=== Task details ===
Beginning with the line that contains "Castorland - Puppies, Laundry", copy each subsequent line of the data below through the last one, including both ends but not the pictures.

=== Supplied data ===
-*-

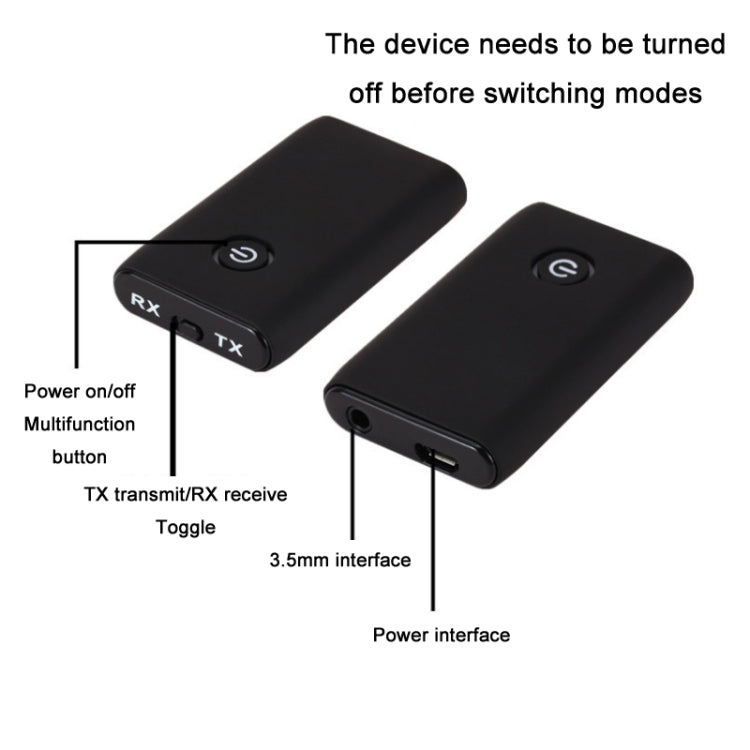 B109S Bluetooth 5.0 Transmitter Receiver Suitable For 3.5MM Computer/TV/Speaker - Audio Receiver Transmitter by PMC TechLife | Online Shopping South Africa | PMC TechLife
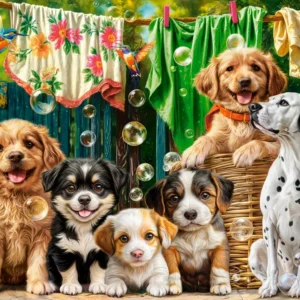 Castorland - Puppies, Laundry and Bird Antics 500 Piece Puzzle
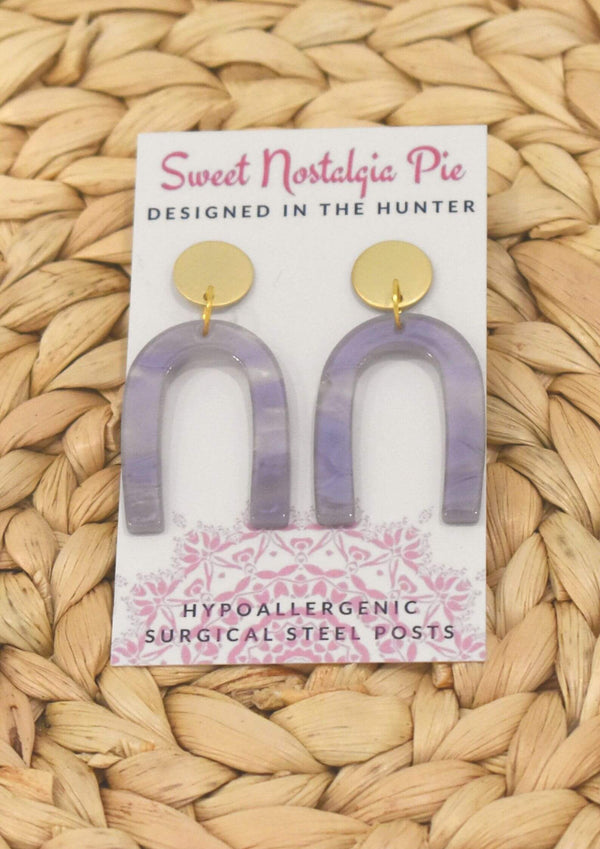 Sweet Nostalgia Pie Earrings Gold Drop in Lavender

-*-

=== Expected output ===
 Castorland - Puppies, Laundry and Bird Antics 500 Piece Puzzle
 Sweet Nostalgia Pie Earrings Gold Drop in Lavender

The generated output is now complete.